DE19703801A1 - New aza-bi:cyclic carboxylate ester di:peptide analogues - Google Patents

Abstract

Dipeptide analogues of formula (I) are new. R1 = CH=CH, NH or S; R2 = H, OH, halogen or 1-4C alkoxy; R3 = H or halogen; or R2+R3 = benzoid system optionally substituted by R6; R4 = amino protecting group; R5 = 1-4C alkyl or 7-11C aralkyl; R6 = OH, COOH, SH or Br; and n = 0 - 4.

Description

The present invention relates to new dipeptide templates, processes for their preparation and their use for incorporation into peptide sequences. The templates according to the invention are equally suitable for solid and liquid phase synthesis and correspond to the general formula I:

wherein
R ₁ -CH = CH-, NH, S;
R ₂ H, OH, halogen, OC ₁ -C ₄ alkyl;
R ₃ H, halogen or together with R ₂ a benzoid system, which in turn can be substituted by a functional group R ₆ ;
R _{4 is} a protective group suitable for protecting an amino group;
R ₅ -C ₁ -C ₄ alkyl, -C ₇ -C ₁₁ aralkyl
R ₆ -OH, -COOH, SH, Br;
n 0, 1, 2, 3, 4
can mean.

Compounds of the general formula I are preferred in which
R ₁ -CH = CH-
R ₂ H, OH, OCH ₃ , F, Cl;
R ₃ H, F, Cl, or together with R ₂ a benzoid system;
R ₄ trichloroethyloylcarbonyl, 9-fluorenylmethoxycarbonyl;
R ₅ OCH ₃ , O-benzyl;
R ₆ -OH;
n 0.1
can mean.

The dipeptide templates according to the invention can be used instead of the corresponding ones natural amino acids in known linear and / or cyclic peptide sequences to be built in.

Underivatized peptides can be in solution in a variety of conformations that are in a dynamic equilibrium. By installation Conformative fixations are induced by templates in such peptides.

Such a conformative fixation opens up a promising approach to more potent, longer effective and more selective peptide analogs. This is guaranteed if exactly the conformation is adopted, which preferred binds to a receptor. - On the other hand, such a conformative Change in signal transduction at the corresponding receptor is inhibited, which can result in competitive antagonism.

Furthermore, the incorporation of templates can lead to enzyme inhibitors that are necessary for therapeutic purposes are extremely promising.

The production of dipeptide templates is inherently state of the art known [D. Ben-Ishai, R. Mc Murray, Tetrahedron 42 (2), 439-450 (1987); F. Esser A. Carpy, H. Briem, H. Köppen, K.H. Pook, Int. J. Peptide Prot. Res., 45, 540-546 (1995)].

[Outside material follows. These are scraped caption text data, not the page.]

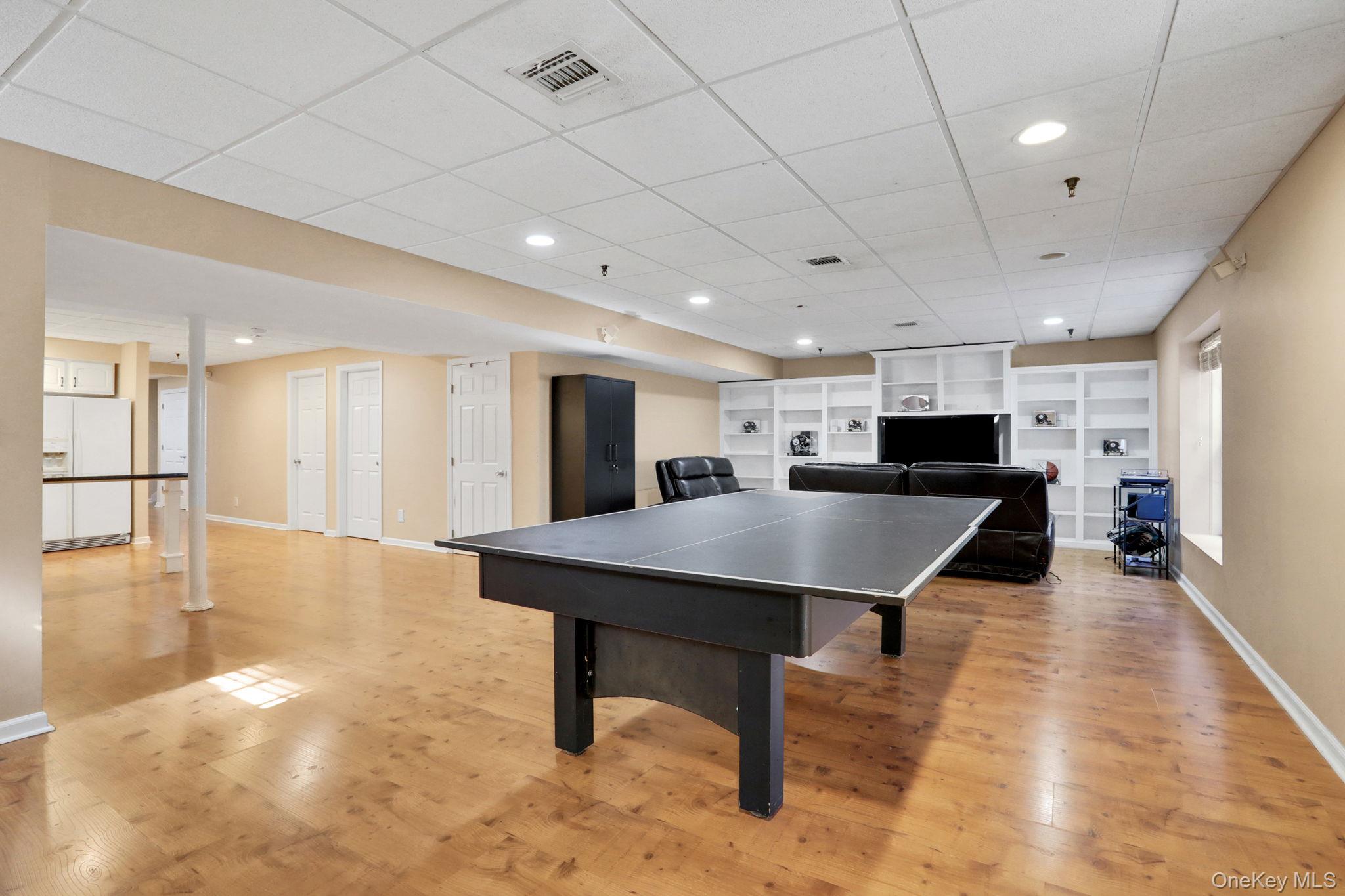 26 Reunion Road Rye Brook, NY 10573 - Photo 29 of 48 a room with furniture and wooden floor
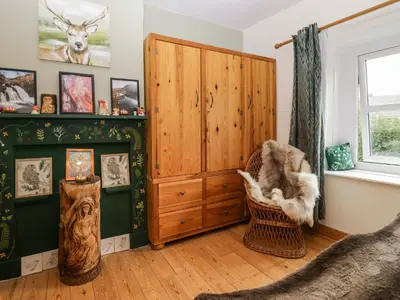 a room with a fireplace and a wooden cabinet at Whitecroft Nook in Seascale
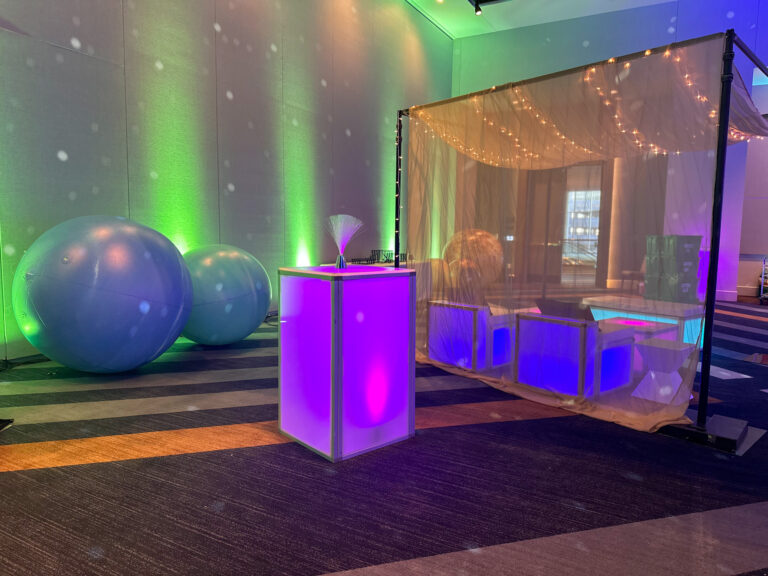 Space-themed lounge setup featuring glowing LED furniture, draped canopy with string lights, and oversized planetary spheres with ambient lighting at the Grand Hyatt Salt Lake City.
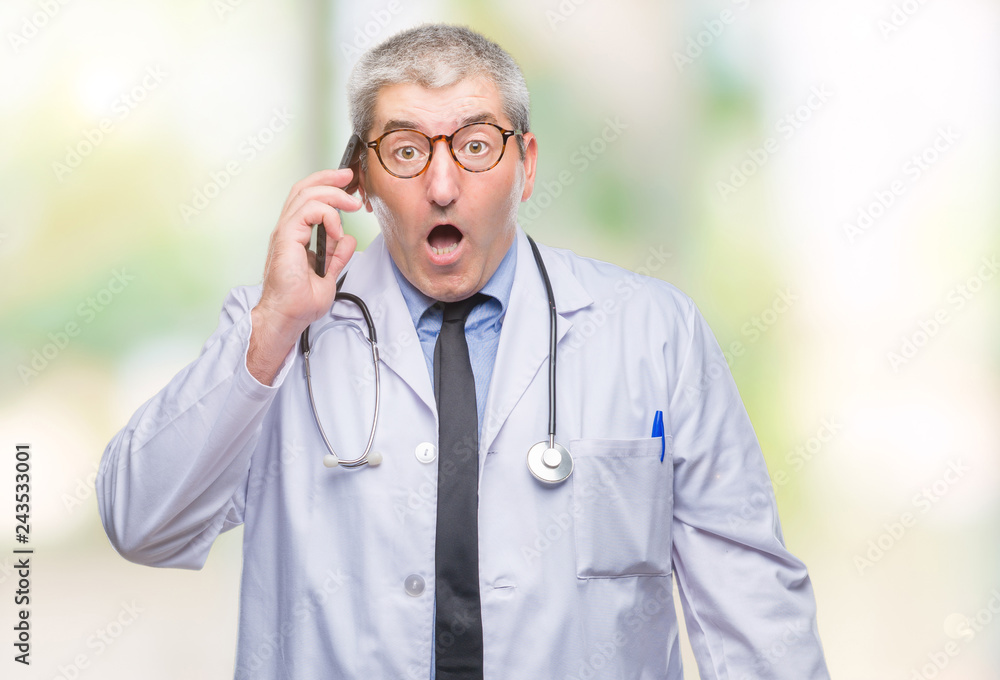 Handsome senior doctor man talking on smarpthone over isolated background scared in shock with a surprise face, afraid and excited with fear expression Handsome senior doctor man talking on smarpthone over isolated background scared in shock with a surprise face, afraid and excited with fear expression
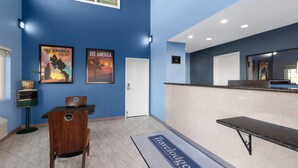 A reception area with a blue wall, two posters, a reception desk, a wooden chair, a bench, and a doormat with "Travelodge" branding. - Travelodge by Wyndham Banning CA Near Casino/Outlet Mall (Banning)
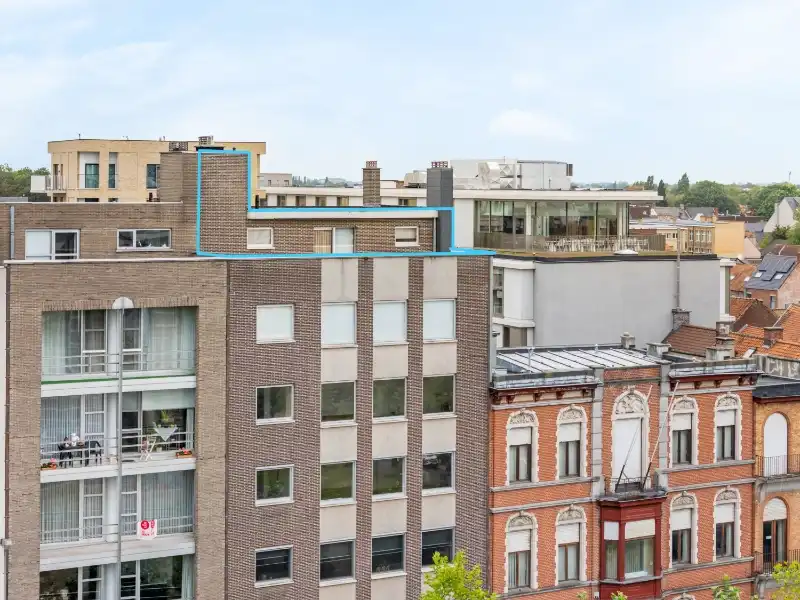 Roeselare-stadskern. PENTHOUSE op 6de verdieping aan het Coninckplein gelegen, met 2 slaapkamers, ochtendterras en avondterras. Een pareltje met unieke ligging ! foto 21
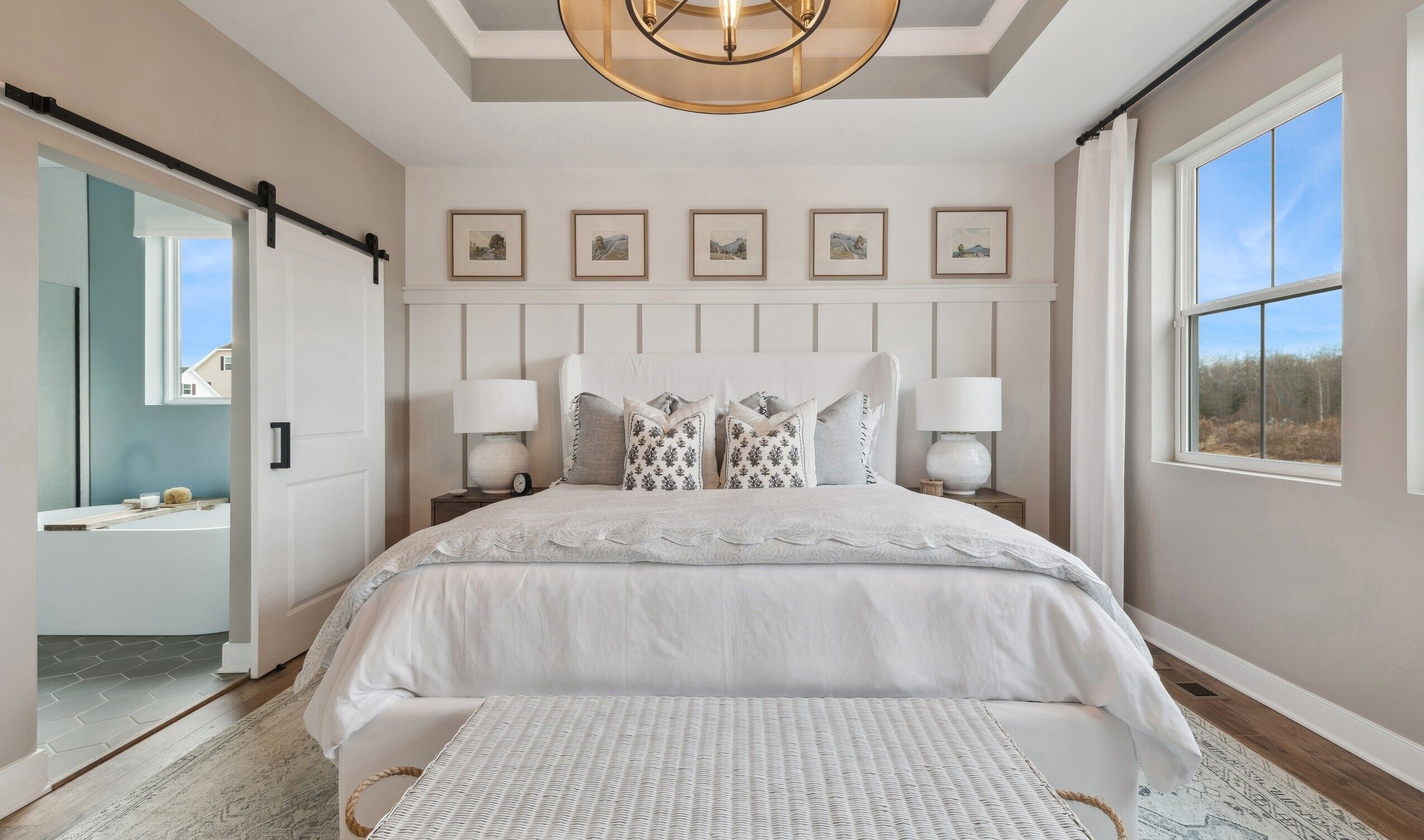 Primary suite with decorative feature wall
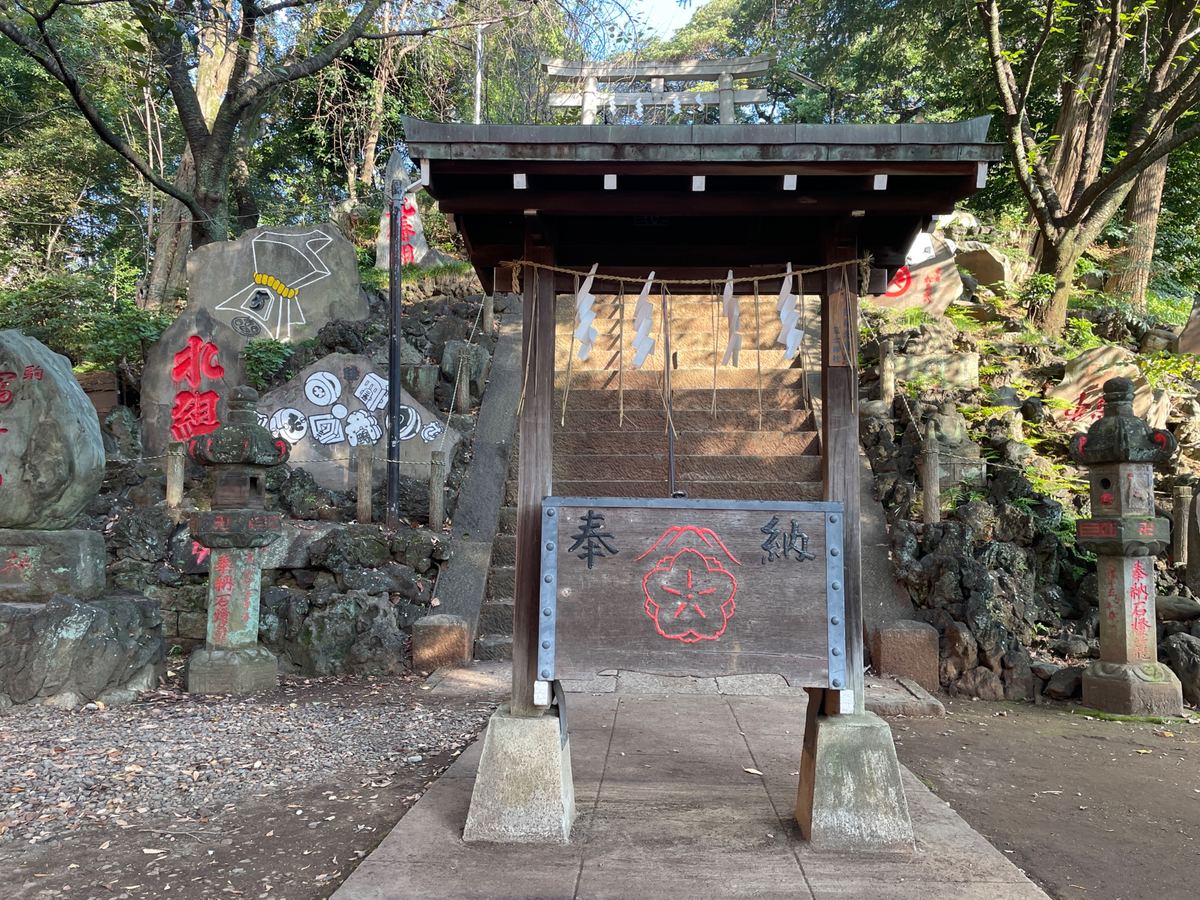 富士塚の登り口。両側の岩には、富士講の印や赤い文字が刻まれている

In addition, a large number of protective groups are also from the prior art Protection of the N-terminal end as well as the carboxyl group of peptides is known [Römpp, chemistry lexicon, publishing house Thieme, Stuttgart 1993 as well as cit. Lit; T.W. Greene, Protective Groups in Organic Chemistry, J Wiley and Sons, New York 1991].

The object of the present invention is therefore primarily in the diastereoselective construction of dipeptide templates, d. h .: in addition to one existing stereo center in the cyclization reaction according to the invention second stereo center generated in a defined configuration.  

Another object of the present invention is in particular To provide protecting groups for diastereoselective cyclization and stereoconservative deblocking are suitable.

Another object of the present invention is to create new ones To provide dipeptide templates that are suitable for use in the field of combinatorial chemistry are suitable.

The object of the invention is solved u. a. through an acid catalyzed Cyclization reaction and by dipeptide template of the general formula I. Die Acids used in this reaction are strong acids such as. B. sulfuric acid, Trifluoroacetic acid, methanesulfonic acid etc.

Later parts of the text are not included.